Badan Meteorologi, Klimatologi, dan Geofisika (BMKG) mencatat kondisi cuaca ekstrem ini dipicu oleh dinamika atmosfer tak biasa. Lemahnya monsun Australia, suhu muka laut yang tetap hangat, serta aktivitas gangguan atmosfer tropis seperti Madden-Julian Oscillation (MJO), gelombang Kelvin, dan Rossby disebut sebagai penyebab hujan deras di musim kemarau.
Greenpeace Indonesia menyatakan, fenomena ini bukan sekadar anomali musiman, melainkan dampak nyata dari krisis iklim akibat pemanasan global. Emisi gas rumah kaca dari energi fosil, deforestasi, dan industri ekstraktif disebut menjadi penyebab utama gangguan sistemik terhadap iklim.
“Kita tidak bisa lagi menormalkan cuaca ekstrem dan musim yang kacau sebagai hal biasa,” kata Bondan Andriyanu, Juru Kampanye Iklim dan Energi Greenpeace Indonesia dalam keterangan resminya dikutip Senin, 14 Juli 2025. “Pemerintah harus bertindak cepat dan tegas untuk mengurangi emisi dan melindungi rakyat dari dampak krisis iklim yang makin parah.” ungkap Bondan, menambahkan.

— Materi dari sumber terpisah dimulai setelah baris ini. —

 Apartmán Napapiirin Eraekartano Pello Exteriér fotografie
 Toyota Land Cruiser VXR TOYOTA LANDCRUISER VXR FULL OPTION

Greenpeace menyoroti kebijakan pemerintah yang masih bergantung pada energi fosil. Hingga tahun 2024, Indonesia mencatat rekor produksi batu bara sebesar 836 juta ton, meningkat dari tahun sebelumnya dan jauh melebihi target awal. Dalam Rencana Usaha Penyediaan Tenaga Listrik (RUPTL), pemerintah masih merencanakan penambahan PLTU batu bara sebesar 6,3 gigawatt dan pembangkit gas fosil 10,3 gigawatt hingga 2060, yang dinilai akan memperpanjang ketergantungan pada energi kotor.
“Pemerintah harus keluar dari zona nyaman dan menghentikan ketergantungan pada energi fosil,” ujar Bondan. Ia juga menekankan perlunya peta jalan transisi energi yang adil serta pengesahan RUU Energi Baru dan Terbarukan (EBET) yang benar-benar progresif dan tidak menjadi celah bagi solusi palsu seperti co-firing atau gasifikasi batu bara.
Greenpeace mendesak agar krisis iklim menjadi pertimbangan utama dalam seluruh proses perencanaan pembangunan nasional. Tanpa komitmen nyata untuk menurunkan emisi, masyarakat Indonesia akan terus menghadapi dampak seperti gagal panen, krisis air bersih, dan bencana iklim lainnya di masa depan.